On windows make sure that you add the Scripts/ folder of your python installation to your PATH to be able to call the command line tools from anywhere.

Converting raw files

Assuming you have added the python scripts folder to your path you can simply run:

convertTDFtoMzML.py

If you see an output like this:

Bruker sdk not found. Some functionalities that need access to raw data will not be available. To activate that functionality place libtimsdata.so (Linux) or timsdata.dll in the src folder.

This functionality can only be carried out if the bruker sdk is present. Please install it first. The sdk can be installed by installing proteowizard(version >=3, http://proteowizard.sourceforge.net), or by placing the a library file in your path (For windows this will be timsdata.dll and for Linux libtimsdata.so).

You will have to install a Bruker sdk that can handle TDF3.0. You can either place the sdk file in your working directory (safest option) or somewhere in your PATH. Another option is to install the latest version of ProteoWizard which supports access to the bruker sdk.

Now you can run the tool without arguments to get the usage info:
bash convertTDFtoMzML.py
Found Bruker sdk. Access to the raw data is possible.

usage: convertTDFtoMzML.py [-h] -a ANALYSIS_DIR -o OUTPUT_FNAME
                           [-m MERGE_SCANS] [-r FRAME_LIMIT FRAME_LIMIT]
convertTDFtoMzML.py: error: the following arguments are required: -a/--analysis_dir, -o/--output_name

Data access and convenience functions

The rest of the tools are available as scripts but can also be used in a more modular fashion from wihtin python directly.
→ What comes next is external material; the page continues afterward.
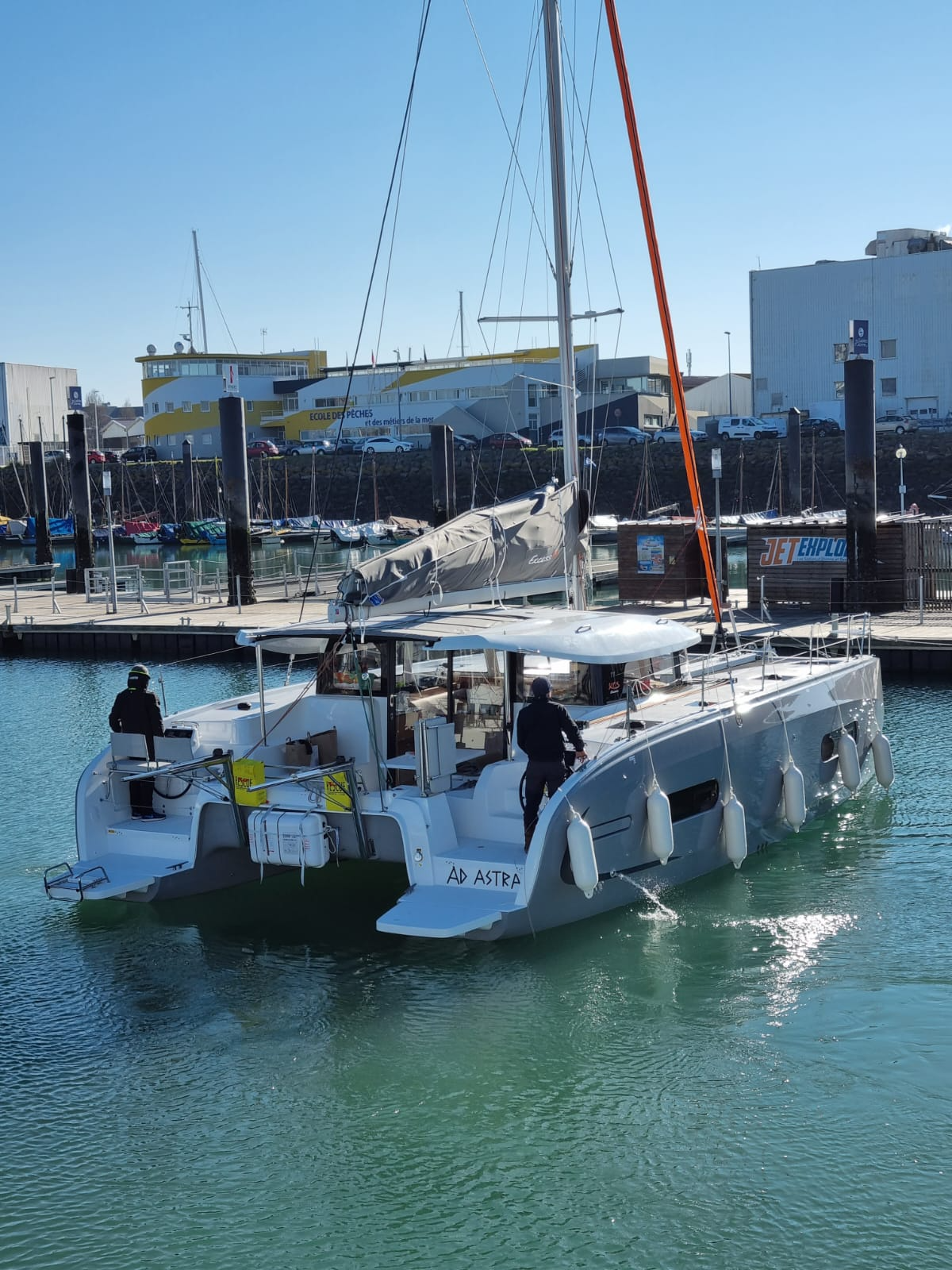 Excess 11 | Ad Astra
It can access raw files from both PASEF and DIA-PASEF runs and reads in some MaxQuant txt files. Since these functions do not acutally need acess to the raw data, they can also be run without the sdk.
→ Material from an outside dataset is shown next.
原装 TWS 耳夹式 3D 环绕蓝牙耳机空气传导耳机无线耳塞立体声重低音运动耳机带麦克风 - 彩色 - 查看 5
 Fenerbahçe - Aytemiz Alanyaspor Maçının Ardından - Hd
Obtaining a window layout file

This can be done with a commandline tool:

get_dia_windows.py 20180320_AnBr_SA_diaPASEF_200ng_HeLa_Rost_Method_4_a_01_A1_01_2143.d/ windows.csv

Or in python:

import diapysef as dp

# Open connection to a DIA-PASEF run
dia = dp.TimsData("/media/max/D6E01AF3E01ADA17/code/dia-pasef/bruker/20180320_AnBr_SA_diaPASEF_200ng_HeLa_Rost_Method_4_a_01_A1_01_2143.d/")
# Obtain the window layout from the first frames
win = dia.get_windows()
# Save as csv
win.to_csv("window_layout.csv")
print("File Written")
File Written

Annotating ion mobilities

This is useful to convert scan numbers which are corresponding to different ion mobilities depending on the run to 1/K0 which is a more standardized measure.

This is needed, for example, to generate a library for OpenSwath targeted extraction. We can annotate Ion mobilities with 1/K0 values in a maxquant output using the calibration information in the raw file.

annotate_mq_ionmobility.py 20180309_HeLa_MQ_combined/ 20180309_TIMS1_Metab_AnBr_SA_200ng_HELA_Bremen13_14_A1_01_2129.d/ annotated1K0

Or in python:

import diapysef as dp

#Open connection to the pasef data file
pas = dp.PasefData("/media/max/D6E01AF3E01ADA17/code/dia-pasef/bruker/20180309_TIMS1_Metab_AnBr_SA_200ng_HELA_Bremen13_14_A1_01_2129.d/")
# Open connection to the Maxquant output from the same run
mq = dp.PasefMQData("/media/max/D6E01AF3E01ADA17/code/dia-pasef/bruker/20180309_HeLa_MQ_combined/")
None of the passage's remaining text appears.